Main character is a bad influence

My 6 year old picked up reading quickly and independently got into the Wimpy Kid series. Excited to support his reading habits we kept buying him books from the series without thought or research. Reading a couple of chapters here and there I intentionally pointed out to my son that the main character, Greg, was rude, a bad friend, and not to be copied, but since there weren't any adult themes and social skills have always been a strength for my kid, I never worried too much about it. Flashforward a year or so and we have a 7-year-old with the bad attitude of a full-blown sitcom teenager. Thinking this was a stage or some sort of pandemic-related issue, I continued to try to address the attitude without even thinking to blame this book series he has been constantly reading, and re-reading.

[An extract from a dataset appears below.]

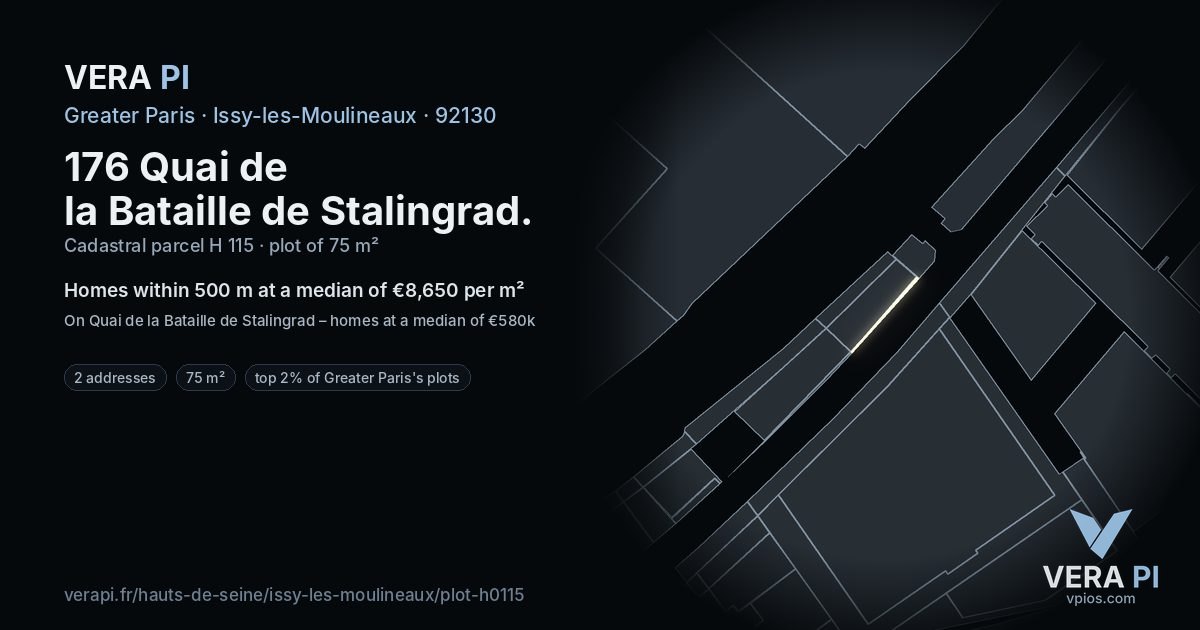176 Quai de la Bataille de Stalingrad, Issy-les-Moulineaux at night – the plot lit, the parcels around coloured by the prices near them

However, after I finally sat down to watch the movie with my son the painful truth become undeniable. My son was absolutely a carbon copy of Greg. I realized, in the book series, Greg is his own hero. Even though Greg's attitude causes him many problems, Greg doesn't see himself as the issue and my son is too young to understand that very important nuance. Developmentally, my son takes the text at face value. He sees what Greg sees and has thereby learned being funny and cool means acting like a cocky, self-absorbed, jerk. To be honest, Bart Simpson would be a better role model. IF your kids are older this book might be more appropriate, however by that point I believe the reading level would be far too low. Elementary and middle school kids are trying to find themselves. It's normal for them to try on the attitudes and behaviors of the people and characters they see. Do yourself and your kid a giant favor and skip the Dairy of the Wimpy Kid book series. You're not missing anything.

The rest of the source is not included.